WHAT IS ALREADY KNOWN ON THIS TOPIC

WHAT THIS STUDY ADDS

HOW THIS STUDY MIGHT AFFECT RESEARCH, PRACTICE OR POLICY

The study cohort was included from the Swedish Apolipoprotein Mortality Risk (AMORIS) cohort,13 consisting of 812 073 individuals, primarily from the Stockholm area, referred for laboratory testing from either occupational healthcare or primary care during the period 1985–1996. From this cohort, we included subjects confirmed to be fasting overnight prior to blood sampling, and with measured glucose, total cholesterol and triglycerides at the same examination (index examination). Subjects with diagnosed aortic valve disease (online supplemental table 1) or age below 18 years at index examination were excluded. The final study population consisted of 324 449 subjects (figure 1).

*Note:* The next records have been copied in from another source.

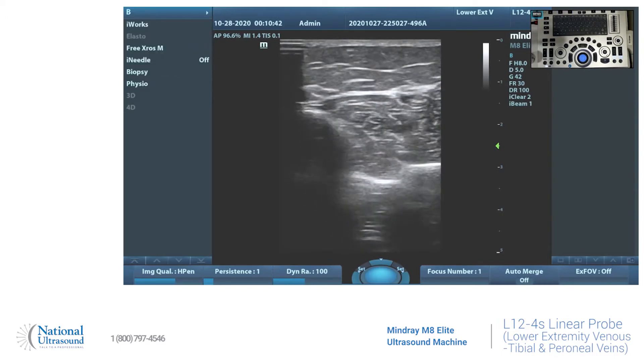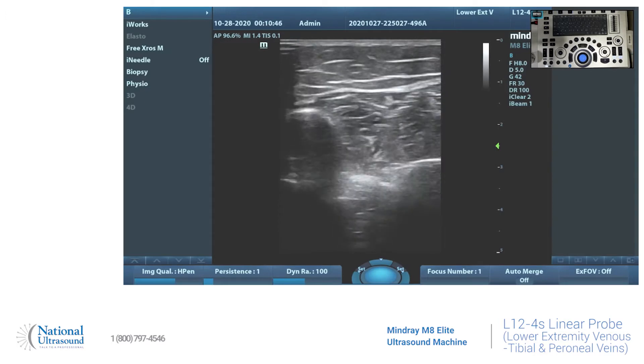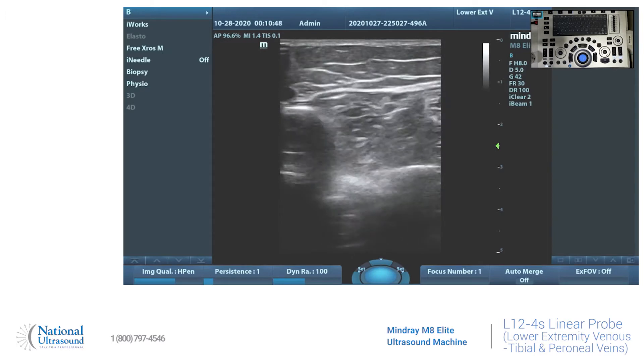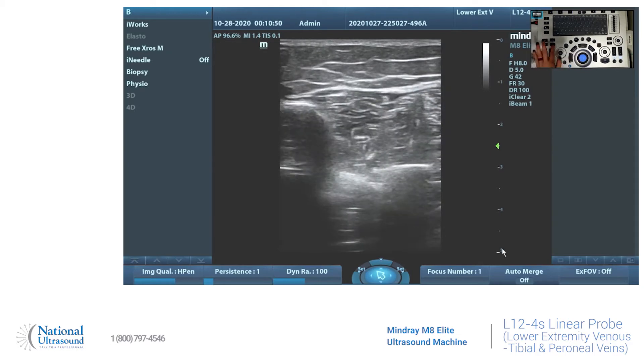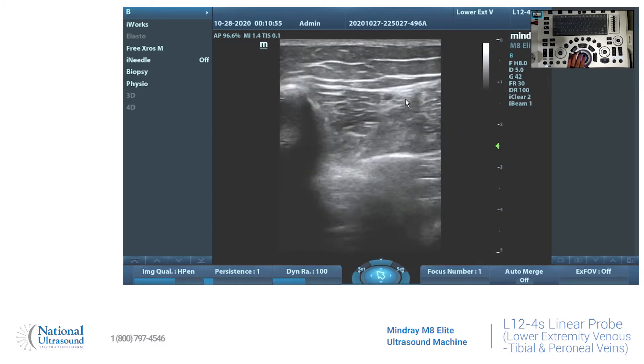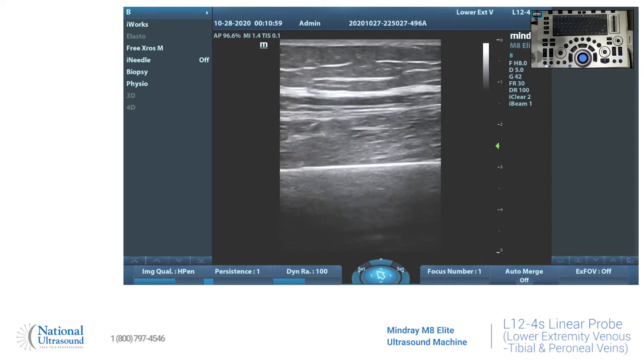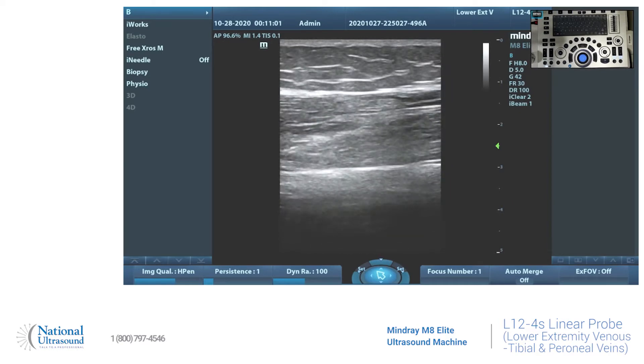We'll be looking at the posterior tibial veins and also the peroneal veins. So we have the posterior tibial at the front — I'll show you with the cursor. You have one artery and two veins, and when you compress it, the veins compress. In long, we're just going to put some color on it and also do a Doppler.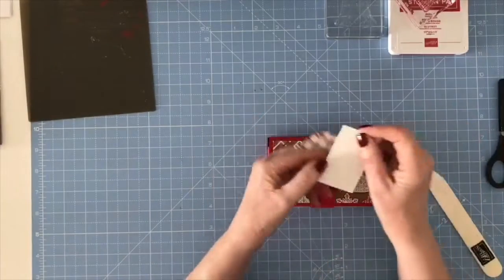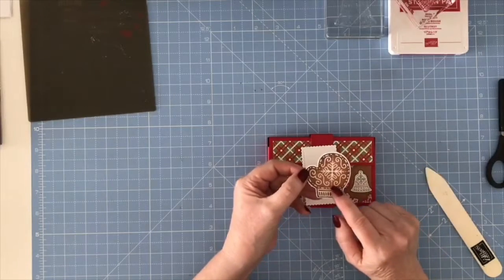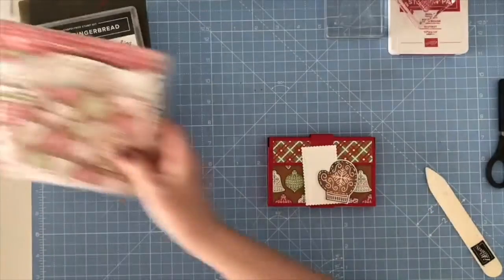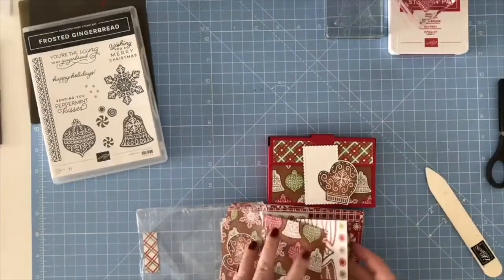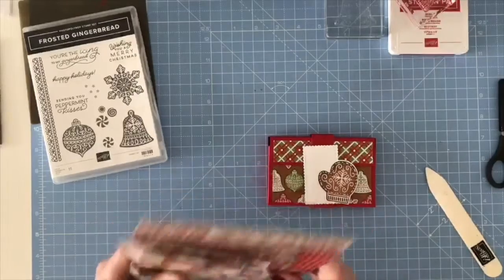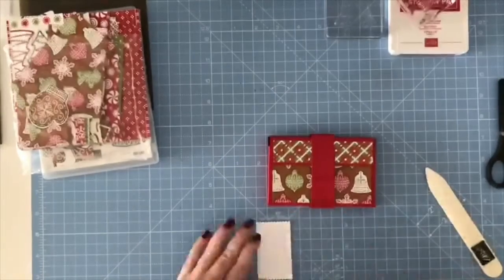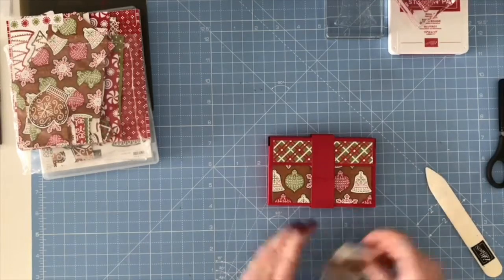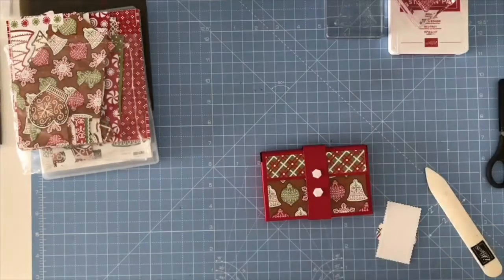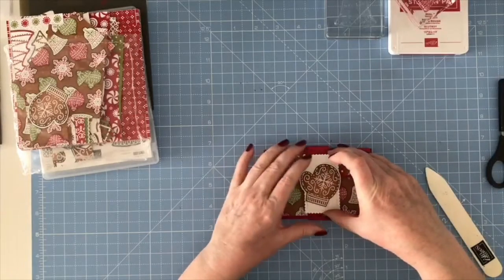From the Stitch So Sweetly dies I've got a rectangle that I'd already pre-cut, and that's going to stick onto the belly band. I've also cut from the designer series paper one of the patterns — in this paper you've got all different designs with bells, trees, bows, and things. One of them has mittens, and I've just cut out one of the mittens. I'm going to glue that on and then put a couple of dimensionals on the belly band and pop it up on dimensionals.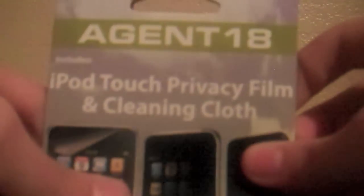We're going to start off by showing you the privacy film. I've got the cloth and then the privacy film right here. I really like this privacy film because you can see through it, but if you move it, it gets darker — that's why it's called a privacy film. It allows other people to not view your items.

Information on comorbidities was obtained through linkage to the National Patient Register,14 the National Cancer Register15 and the National Cause of Death Register.16 International Classification of Diseases (ICD) codes used to identify comorbidities are presented in online supplemental table 2. Information on level of education and socioeconomic status as blue-collar or white-collar worker was obtained from the national population and housing census closest in time to the index examination up to 1990, after which socioeconomic data were obtained from the longitudinal integration database for health insurance and labour market studies. Record linkage was possible using each individual’s unique Swedish personal identification number.17

Information on analysed biomarkers was obtained from the index examination for all subjects. All blood samples were analysed in fresh blood at the CALAB medical laboratory in Stockholm, with well-documented and consistently applied analytical methods. For detailed information regarding analytical laboratory methods, see online supplemental material.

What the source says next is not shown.